Okay, one more item about money. Last month the Lackawanna Heritage Valley Authority awarded a $5,500 grant to support the Fall Heritage Event Series at the Scranton Iron Furnaces. Several of the events took place earlier this month, but two evening programs are coming up in October. “Celebrating the Scranton Iron Furnaces” (Oct. 5) includes a nighttime illumination of the furnaces, hayrides, and a bluegrass concert by Scranton-based band Cabinet (give them a listen here). “Bonfire and Harvest Festival” (Oct. 20) features food, music, harvest traditions, and, um, a bonfire (take a look at the cover photo on the furnaces’ Facebook page). Click here for details. (There was a nice article on heritage tourism in Scranton on GoLackawanna recently, featuring staff from Anthracite Heritage.)

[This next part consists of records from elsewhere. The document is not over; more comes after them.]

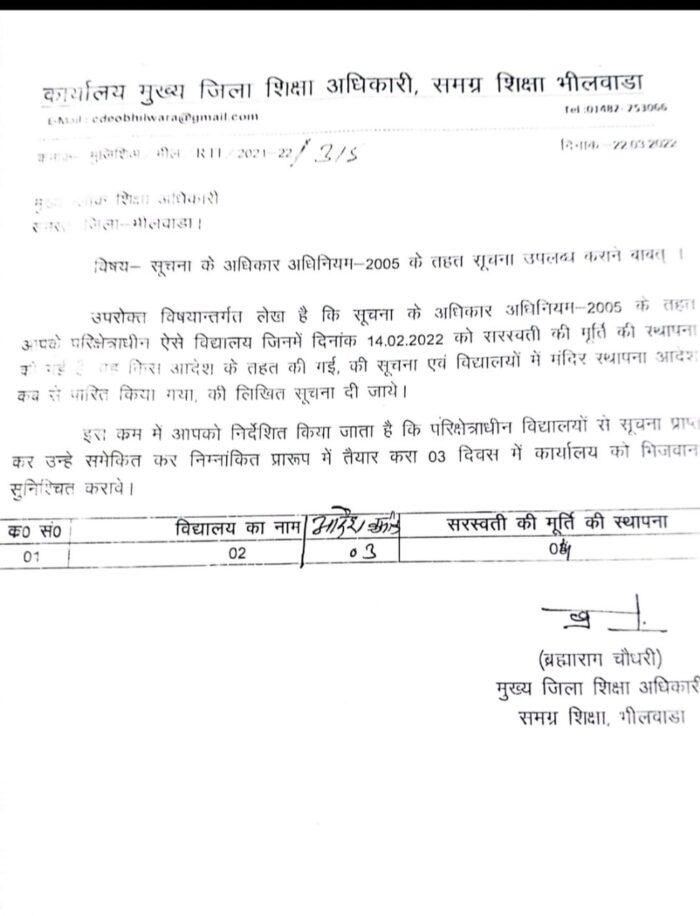 Education Department - By whose order the statues of Saraswati were installed in government schools, there was a ruckus, there was no ruckus.....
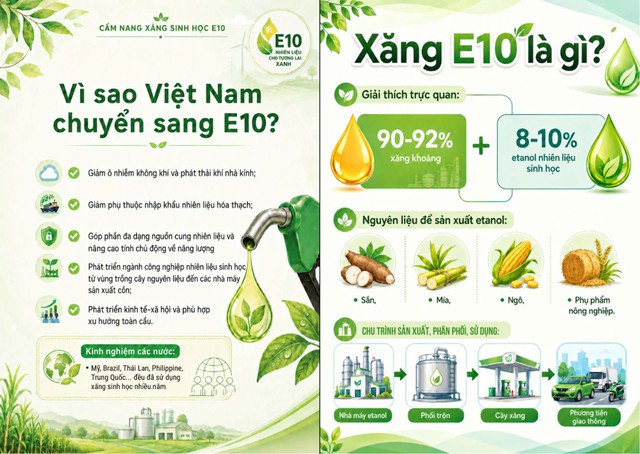 Cẩm nang sử dụng xăng E10, người đi &ocirc; t&ocirc;, xe m&aacute;y n&ecirc;n nắm chắc trong tay - Ảnh 2.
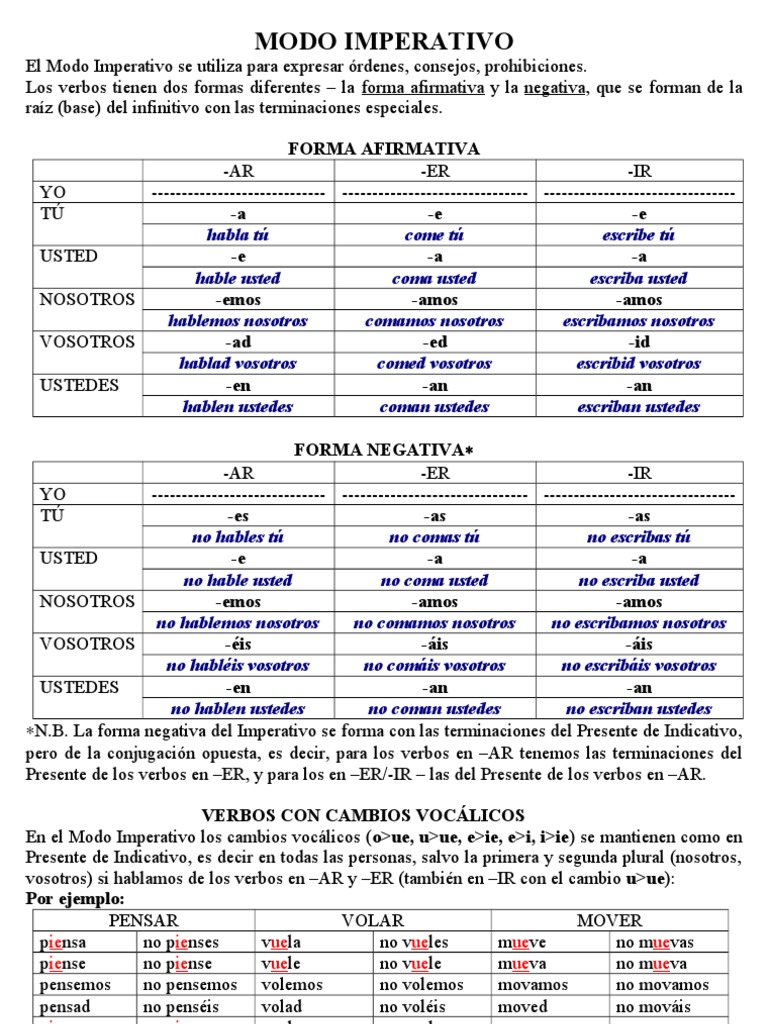 conjugaci-n-del-modo-imperativo-pdf-plural-verbo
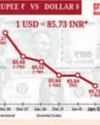 Rupee falls 11 paise to close at record low of 85.75 against US dollar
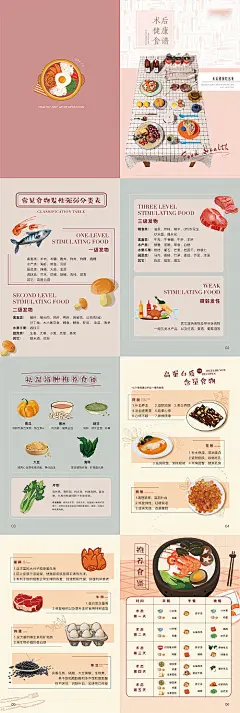 专题设计 H5 餐饮 食谱 手绘 排版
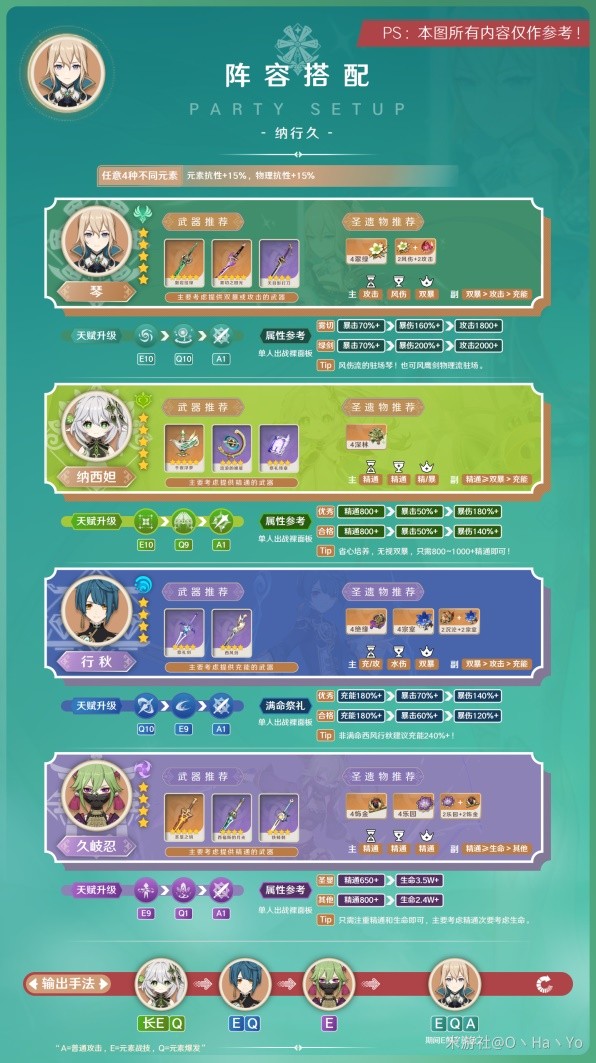 《原神》3.7版琴出装与队伍搭配指南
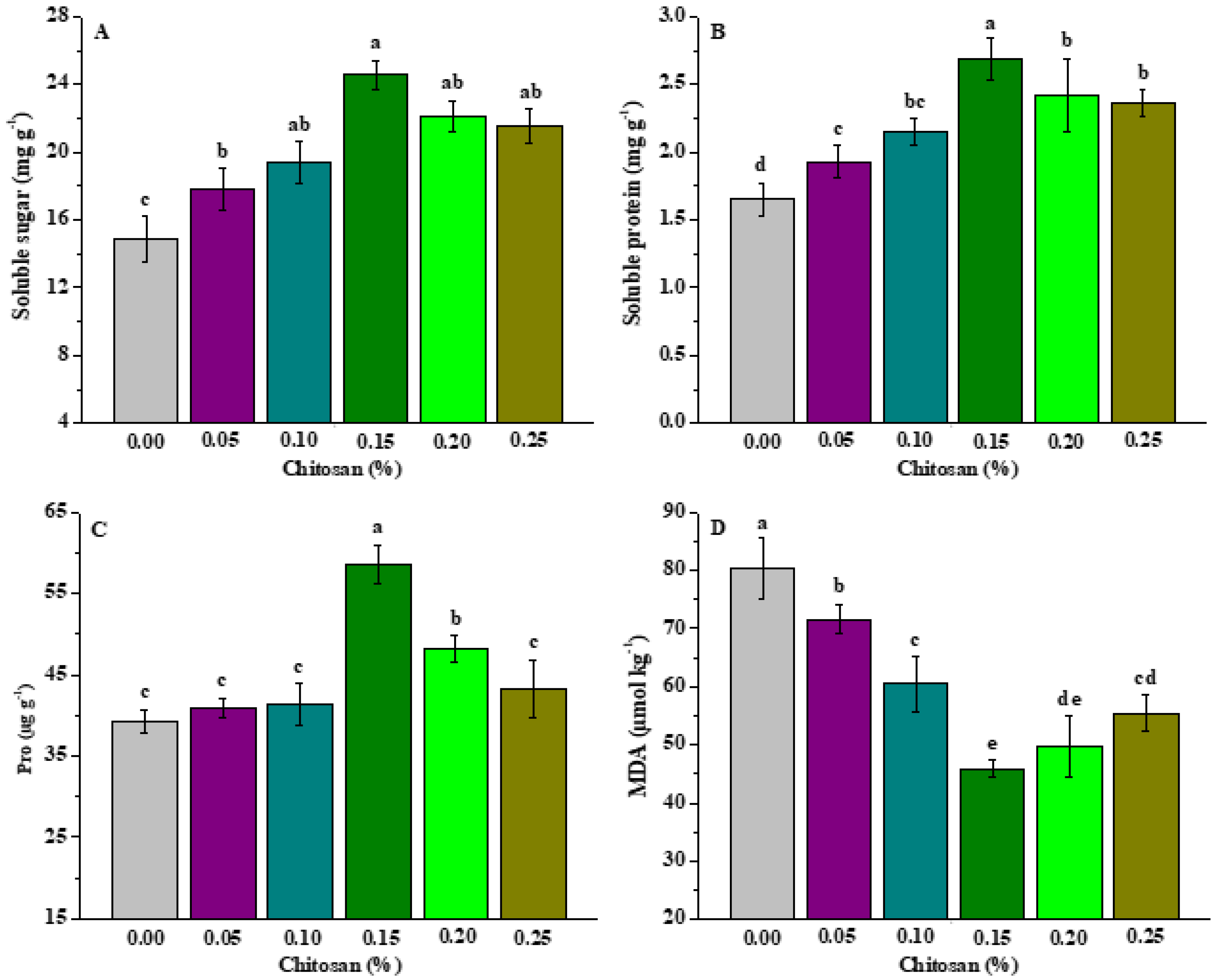 Horticulturae 08 00943 g002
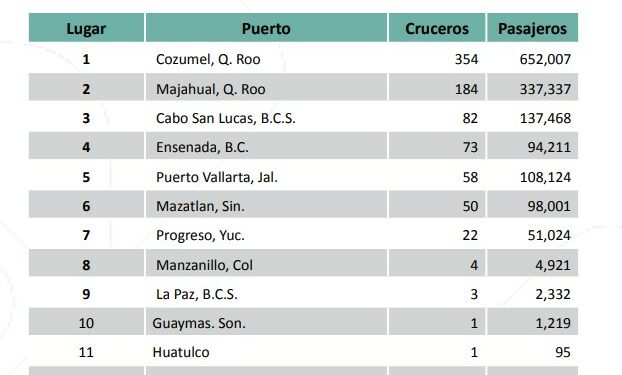 Cae llegada de cruceros a Huatulco por abandono de promoción turística en Oaxaca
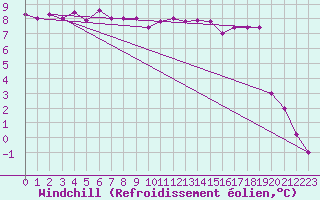 Courbe du refroidissement olien pour Linton-On-Ouse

Shared meal at Graeme Park via their blog
The PHMC’s 2012 Foodways theme will, come the new year, give way to the 2013 theme (the Civil War), but let’s face it, food traditions always have been, and probably always will be, a big hit at historic sites. Starting on Sept. 29, Graeme Park will offer “Hearth and Home: Seasonal Cooking in the Colonial Kitchen,” a series of four programs focused on seasonally available foods of 18th-century southeastern Pennsylvania. Each class will include hands-on activities (for foodie grownups) and a shared meal. In addition to next Saturday, classes are scheduled for Dec. 8, Mar. 9, and May 11; cost is $55 per class or $200 for all four. Registration (required) closes 2 days before each class. Go here for details and contact info.